Work request – From the records below, transcribe only the lines running from the one with "Pinguin Flamingo Tasse" through the one with "Girls' Princess Style". Keep both of those end lines.

Dataset content –
▼▼▼

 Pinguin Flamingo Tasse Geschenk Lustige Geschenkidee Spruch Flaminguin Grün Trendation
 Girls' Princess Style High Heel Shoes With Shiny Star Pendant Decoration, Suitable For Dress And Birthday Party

▲▲▲
▼▼▼

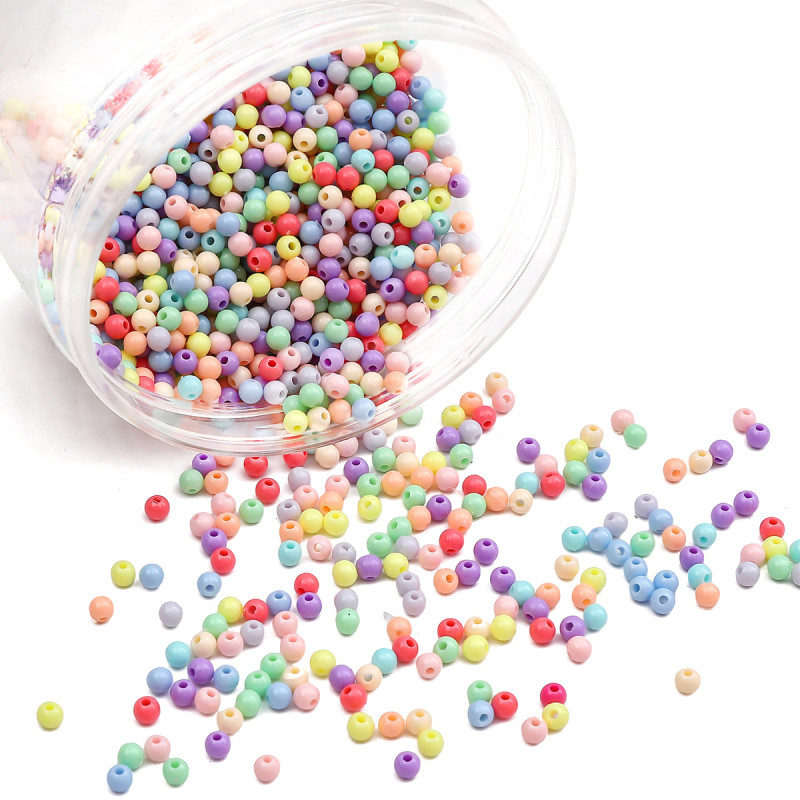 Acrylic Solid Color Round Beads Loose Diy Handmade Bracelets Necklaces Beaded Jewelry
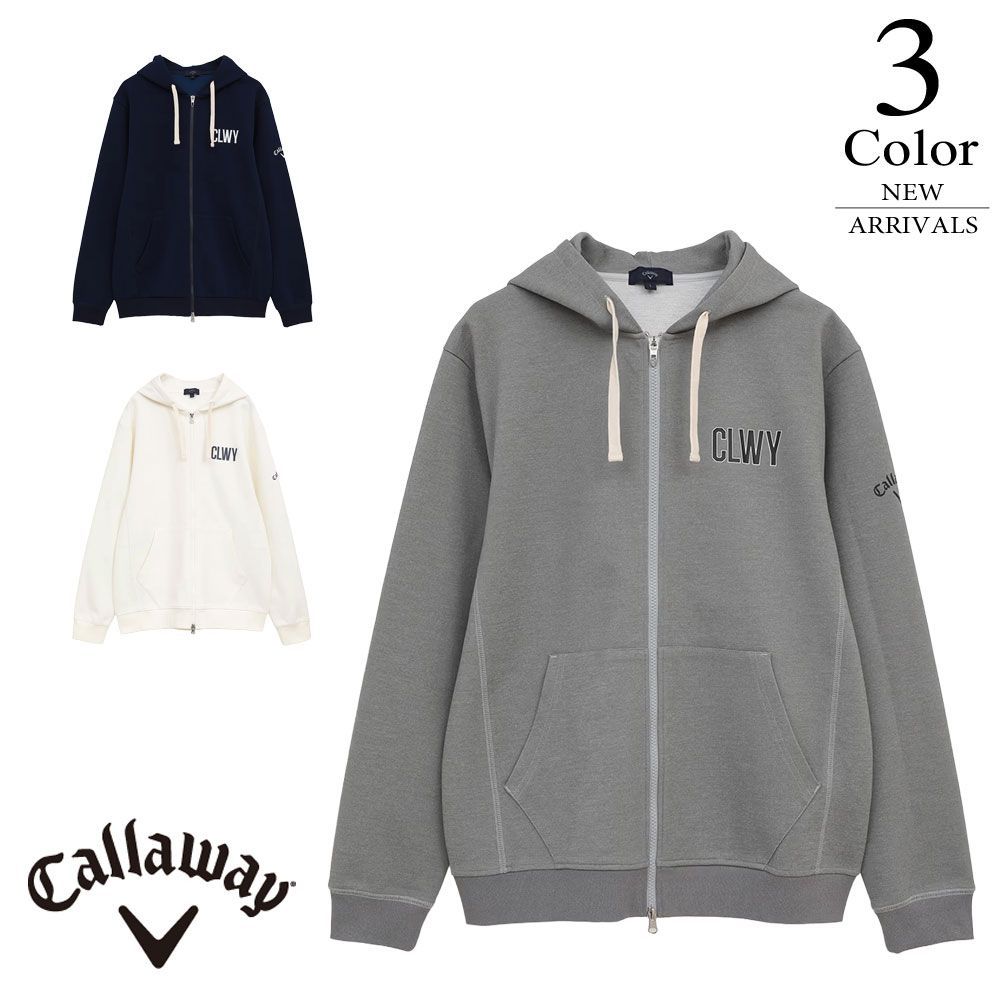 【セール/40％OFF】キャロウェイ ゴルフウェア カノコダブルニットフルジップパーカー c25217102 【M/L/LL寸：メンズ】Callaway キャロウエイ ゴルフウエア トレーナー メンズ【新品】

▲▲▲

Result of the task –
 Pinguin Flamingo Tasse Geschenk Lustige Geschenkidee Spruch Flaminguin Grün Trendation
 Girls' Princess Style High Heel Shoes With Shiny Star Pendant Decoration, Suitable For Dress And Birthday Party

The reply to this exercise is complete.